This graph and the accompanying data tell interesting stories about the company. Overall, the graph is sparse, largely because of the high filtering threshold we have chosen. The graph density is very low, suggesting that most units only communicate heavily with one or two other units. The average geodesic distance is 10.2 and maximum geodesic distance (i.e., diameter) is 29, both of which are quite high. If high numbers existed at a lower threshold, it would suggest that units may not be well connected with certain other units on the other “side” of the company. Increasing connections between otherwise disconnected groups may be a goal for an organization. For example, many organizations have created “communities of practice” consisting of people with similar skills who are scattered throughout different organizational units. An initiative to increase connections throughout the company could be evaluated by looking for increases in the network density and decreases in the diameter over time.

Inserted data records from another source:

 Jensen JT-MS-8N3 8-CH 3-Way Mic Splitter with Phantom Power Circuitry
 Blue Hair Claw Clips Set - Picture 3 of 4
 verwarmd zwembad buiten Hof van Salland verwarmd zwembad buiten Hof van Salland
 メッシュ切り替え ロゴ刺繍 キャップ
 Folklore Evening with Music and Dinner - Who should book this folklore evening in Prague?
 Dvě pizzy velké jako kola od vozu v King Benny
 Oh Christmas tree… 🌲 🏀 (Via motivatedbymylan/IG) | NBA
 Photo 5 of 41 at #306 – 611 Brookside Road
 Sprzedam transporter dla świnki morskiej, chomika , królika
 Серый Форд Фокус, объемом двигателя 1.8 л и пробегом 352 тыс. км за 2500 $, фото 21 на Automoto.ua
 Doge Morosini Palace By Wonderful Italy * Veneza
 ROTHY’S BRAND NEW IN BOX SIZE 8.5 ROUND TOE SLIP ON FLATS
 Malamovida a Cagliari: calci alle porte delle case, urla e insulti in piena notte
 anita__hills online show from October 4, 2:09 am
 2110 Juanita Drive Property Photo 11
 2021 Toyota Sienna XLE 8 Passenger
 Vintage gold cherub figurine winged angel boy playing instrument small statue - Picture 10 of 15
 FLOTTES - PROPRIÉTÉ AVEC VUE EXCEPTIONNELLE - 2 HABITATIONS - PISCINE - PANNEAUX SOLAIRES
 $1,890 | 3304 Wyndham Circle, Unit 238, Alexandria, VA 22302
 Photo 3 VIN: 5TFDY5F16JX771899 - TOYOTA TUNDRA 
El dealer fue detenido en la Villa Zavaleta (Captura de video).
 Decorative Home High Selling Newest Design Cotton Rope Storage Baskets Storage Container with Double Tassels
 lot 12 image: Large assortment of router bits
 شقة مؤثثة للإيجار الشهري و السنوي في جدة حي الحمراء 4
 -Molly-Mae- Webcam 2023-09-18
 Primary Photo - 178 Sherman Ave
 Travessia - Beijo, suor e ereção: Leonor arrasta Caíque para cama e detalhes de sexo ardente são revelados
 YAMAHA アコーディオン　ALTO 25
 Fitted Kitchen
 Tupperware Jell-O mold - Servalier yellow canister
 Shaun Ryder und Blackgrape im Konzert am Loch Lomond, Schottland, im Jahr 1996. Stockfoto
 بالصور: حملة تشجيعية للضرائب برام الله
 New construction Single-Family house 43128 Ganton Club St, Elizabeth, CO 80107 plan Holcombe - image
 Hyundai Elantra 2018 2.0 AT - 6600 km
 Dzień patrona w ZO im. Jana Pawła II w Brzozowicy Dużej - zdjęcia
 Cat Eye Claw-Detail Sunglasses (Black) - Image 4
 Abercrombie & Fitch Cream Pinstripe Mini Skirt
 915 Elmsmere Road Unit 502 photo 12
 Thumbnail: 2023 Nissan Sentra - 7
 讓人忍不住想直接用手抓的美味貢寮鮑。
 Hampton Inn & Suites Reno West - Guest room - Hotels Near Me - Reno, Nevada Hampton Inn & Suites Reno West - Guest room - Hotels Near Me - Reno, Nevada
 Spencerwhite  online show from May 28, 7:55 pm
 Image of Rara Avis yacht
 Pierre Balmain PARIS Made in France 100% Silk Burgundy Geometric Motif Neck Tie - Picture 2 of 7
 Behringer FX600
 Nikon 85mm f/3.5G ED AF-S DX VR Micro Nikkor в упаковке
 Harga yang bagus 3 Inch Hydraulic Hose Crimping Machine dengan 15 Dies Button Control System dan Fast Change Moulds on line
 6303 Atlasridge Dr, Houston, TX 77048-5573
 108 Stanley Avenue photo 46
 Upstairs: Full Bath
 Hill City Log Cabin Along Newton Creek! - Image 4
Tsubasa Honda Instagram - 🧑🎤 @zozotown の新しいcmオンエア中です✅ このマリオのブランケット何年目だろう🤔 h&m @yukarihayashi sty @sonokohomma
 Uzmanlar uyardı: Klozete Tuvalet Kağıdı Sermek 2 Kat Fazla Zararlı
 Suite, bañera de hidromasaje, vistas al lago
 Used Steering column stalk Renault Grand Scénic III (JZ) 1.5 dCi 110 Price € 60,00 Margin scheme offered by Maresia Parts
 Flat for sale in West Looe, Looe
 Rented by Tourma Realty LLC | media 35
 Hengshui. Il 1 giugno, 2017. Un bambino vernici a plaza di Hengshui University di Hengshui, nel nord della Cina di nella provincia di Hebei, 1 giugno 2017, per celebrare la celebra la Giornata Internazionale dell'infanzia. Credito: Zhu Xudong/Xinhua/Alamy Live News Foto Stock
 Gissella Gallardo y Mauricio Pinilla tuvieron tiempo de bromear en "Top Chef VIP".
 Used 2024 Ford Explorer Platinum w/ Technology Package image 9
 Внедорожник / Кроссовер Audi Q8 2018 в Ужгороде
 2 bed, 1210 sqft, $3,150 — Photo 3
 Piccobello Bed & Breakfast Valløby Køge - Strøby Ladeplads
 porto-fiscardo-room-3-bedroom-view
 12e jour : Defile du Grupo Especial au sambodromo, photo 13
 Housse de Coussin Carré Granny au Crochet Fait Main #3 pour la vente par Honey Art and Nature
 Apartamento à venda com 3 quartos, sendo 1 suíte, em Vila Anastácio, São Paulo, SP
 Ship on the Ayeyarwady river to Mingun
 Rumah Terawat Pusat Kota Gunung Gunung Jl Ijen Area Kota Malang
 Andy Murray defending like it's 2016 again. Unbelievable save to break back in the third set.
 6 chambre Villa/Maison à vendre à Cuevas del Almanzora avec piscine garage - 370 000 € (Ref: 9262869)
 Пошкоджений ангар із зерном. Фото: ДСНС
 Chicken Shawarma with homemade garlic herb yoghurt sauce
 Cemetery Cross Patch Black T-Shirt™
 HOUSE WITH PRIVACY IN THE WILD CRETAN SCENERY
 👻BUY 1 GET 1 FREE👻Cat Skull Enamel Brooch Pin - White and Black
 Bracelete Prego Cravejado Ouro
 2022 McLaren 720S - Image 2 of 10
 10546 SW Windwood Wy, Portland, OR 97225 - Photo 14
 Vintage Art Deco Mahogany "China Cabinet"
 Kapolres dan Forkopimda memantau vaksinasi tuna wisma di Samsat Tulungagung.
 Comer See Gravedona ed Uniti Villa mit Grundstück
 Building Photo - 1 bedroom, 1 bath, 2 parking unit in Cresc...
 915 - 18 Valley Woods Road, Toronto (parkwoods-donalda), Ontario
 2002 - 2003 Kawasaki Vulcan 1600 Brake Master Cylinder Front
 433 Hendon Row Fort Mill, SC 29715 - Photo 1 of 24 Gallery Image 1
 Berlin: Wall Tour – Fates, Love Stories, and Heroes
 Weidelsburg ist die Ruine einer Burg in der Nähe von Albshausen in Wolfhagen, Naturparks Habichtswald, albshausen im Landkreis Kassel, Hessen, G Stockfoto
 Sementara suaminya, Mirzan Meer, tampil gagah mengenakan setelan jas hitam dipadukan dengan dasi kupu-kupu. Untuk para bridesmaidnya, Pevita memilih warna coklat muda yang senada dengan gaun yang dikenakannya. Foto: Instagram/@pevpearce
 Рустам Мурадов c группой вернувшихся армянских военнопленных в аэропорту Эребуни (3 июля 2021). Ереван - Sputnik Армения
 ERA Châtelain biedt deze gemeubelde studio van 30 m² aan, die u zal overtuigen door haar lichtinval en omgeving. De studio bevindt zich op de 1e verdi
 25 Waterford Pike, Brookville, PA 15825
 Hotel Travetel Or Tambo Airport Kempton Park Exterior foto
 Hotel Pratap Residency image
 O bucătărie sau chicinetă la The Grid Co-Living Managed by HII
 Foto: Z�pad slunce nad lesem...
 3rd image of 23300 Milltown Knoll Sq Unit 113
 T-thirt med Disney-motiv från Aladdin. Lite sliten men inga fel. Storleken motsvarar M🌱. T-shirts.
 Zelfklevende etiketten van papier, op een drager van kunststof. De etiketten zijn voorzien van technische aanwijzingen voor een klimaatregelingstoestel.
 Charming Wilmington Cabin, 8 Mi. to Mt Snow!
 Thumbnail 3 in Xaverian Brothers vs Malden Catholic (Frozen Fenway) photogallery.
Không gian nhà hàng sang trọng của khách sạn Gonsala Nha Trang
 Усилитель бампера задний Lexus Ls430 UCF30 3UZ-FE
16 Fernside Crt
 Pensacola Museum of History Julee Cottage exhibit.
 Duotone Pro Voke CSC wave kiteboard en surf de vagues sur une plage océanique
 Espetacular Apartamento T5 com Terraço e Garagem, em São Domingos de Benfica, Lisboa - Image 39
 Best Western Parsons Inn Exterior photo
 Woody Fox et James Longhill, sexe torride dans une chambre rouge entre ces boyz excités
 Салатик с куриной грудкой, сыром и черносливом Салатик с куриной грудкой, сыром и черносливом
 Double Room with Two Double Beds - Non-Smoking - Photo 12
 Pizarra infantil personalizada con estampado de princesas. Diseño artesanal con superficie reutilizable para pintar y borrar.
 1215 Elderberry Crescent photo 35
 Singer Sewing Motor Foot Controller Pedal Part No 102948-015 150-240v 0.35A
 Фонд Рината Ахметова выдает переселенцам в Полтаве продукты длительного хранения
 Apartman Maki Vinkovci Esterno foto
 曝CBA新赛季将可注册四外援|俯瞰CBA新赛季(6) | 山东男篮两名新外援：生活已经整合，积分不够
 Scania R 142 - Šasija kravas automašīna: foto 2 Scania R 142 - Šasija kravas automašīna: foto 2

In addition to looking at global trends, it is possible to look at the role of individual units in the company. Even with the highly filtered graph shown in Figure 9.8, it is possible to identify several hubs (with high out-degree), some densely connected clusters, and units that act as bridges between other units. Some of these fill critical locations in the network, demonstrating their unique value that results from their network position. Organizational units that are connected to many other units (i.e., the hubs) perform services like IT management or library services that touch many parts of the company. Groups that are less connected but have a high betweenness centrality likely have coordination functions, bridging information between multiple groups such as specific geographical units within a larger region. Isolated groups and clusters of groups are likely specialists that perform a function for one or a few other groups to consume. Analyzing networks like the one visualized in Figure 9.8 also allows you to compare units that serve a similar function to see how they compare on various metrics, helping to identify those that could benefit from additional connections.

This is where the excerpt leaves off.